The same policewoman admitted to signing false death certificates to prove that dead prisoners had been "found" decomposing in the forests south of Algiers. A 23-year old army conscript spoke of watching officers torture suspected "Islamist" prisoners by boring holes in their legs - and in one case, stomach - with electric drills in a dungeon called the "killing room". And he claimed that he found a false beard amid the clothing of soldiers who had returned from a raid on a village where 28 civilians were later found beheaded; the soldier suspects that his comrades had dressed up as Muslim rebels to carry out the atrocity.

No guerrilla war is clean. No army or police force fighting ruthless insurgents will maintain its honour unscathed. And the Extremists in Algeria, which have carved a unique and dreadful reputation for themselves as the most savage guerrillas on earth, can expect little mercy at the hands of its government opponents. They have attacked Algerian villages for more than a year, cutting the throats of women and children, burning babies alive in ovens, disembowelling pregnant women and slaughtering old men with axes. They have even employed a mobile guillotine on the back of a truck to execute their enemies.

But evidence that the massacred villagers were themselves Islamists, and increasing proof that the Algerian security forces remained - at best - incapable of coming to their rescue, has cast grave doubt on the government's role in Algeria's dirty war.

Indeed, repeated claims that the slaughtered villagers were "accomplices" of the Extremists has raised suspicions that the Algerian regime, which seeks European support in its war against armed opponents, may have had a hand in provoking the slaughter. But the firsthand evidence from its own former security force personnel of torture and secret executions provides unequivocal testimony that the Algerian government has gone beyond the pale of civilized standards of warfare in fighting its enemies.
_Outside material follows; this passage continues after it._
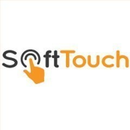 Logo of SoftTouch POS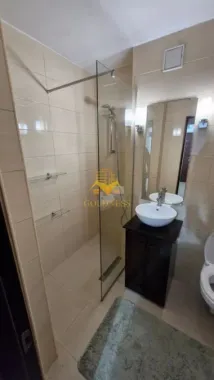 2 camere decomandate, parcare, Manastur, Calea Floresti, Mol, Profi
Among the names of "disappeared" men and women given to The Independent by an Algerian lawyer are those of young women uninvolved in politics - let alone religious extremism - of old men and, in one case, a paraplegic in a wheelchair. A 28-year-old woman called Amina Bensli-mane, who was arrested almost three years ago by security police, is believed to have died under torture at the Chateauneuf police station in Algiers. The relatives of another woman have been told that the bones of one of her feet were broken while she was being interrogated about her brother who is a suspected member of an opposition group.

Confidential evidence from another Algerian lawyer states that a young newly married woman was raped in front of her husband to force him to reveal details of an Islamist group to which it was alleged he belonged. In the past, released prisoners have told of the gang-rape of women prisoners - in one case the rape of a grandmother who was dragged from a torture room covered in blood. Most of the torture in Algiers is carried out in two police commissariats, at Chateauneuf and at Cavignac.

These two torture centres exert terror over the population of Algiers where - on the evidence of two women whose loved ones have been arrested, never to be seen again - men and women are now taken from their homes without arrest warrants or the production of identification papers by the security forces. "You cannot compare 'excesses' with putting babies in ovens," a government official told The Independent in Algiers last week. The frightful reality, however, is that the two sides are now competing in cruelty.

Inspector Abdessalam, who was in charge of police ordnance at the Dar al-Baida police station near Algiers international airport, has described how he watched as suspected "Islamists" were interrogated by torturers - some of whose names have been given to The Independent.

"Sometimes .... prisoners were forced to drink acid or a cloth was tied to their mouths and acid poured over it," he said. "Prisoners were forced to stand next to tables with their testicles on the table and their testicles would be beaten .... A small number of prisoners gave information. Some preferred to be killed. Some died under water torture." Similar testimony came from a female detective called Dalilah who watched two men die strapped to a ladder in the Cavignac police station when their stomachs burst after salt water was pumped into them.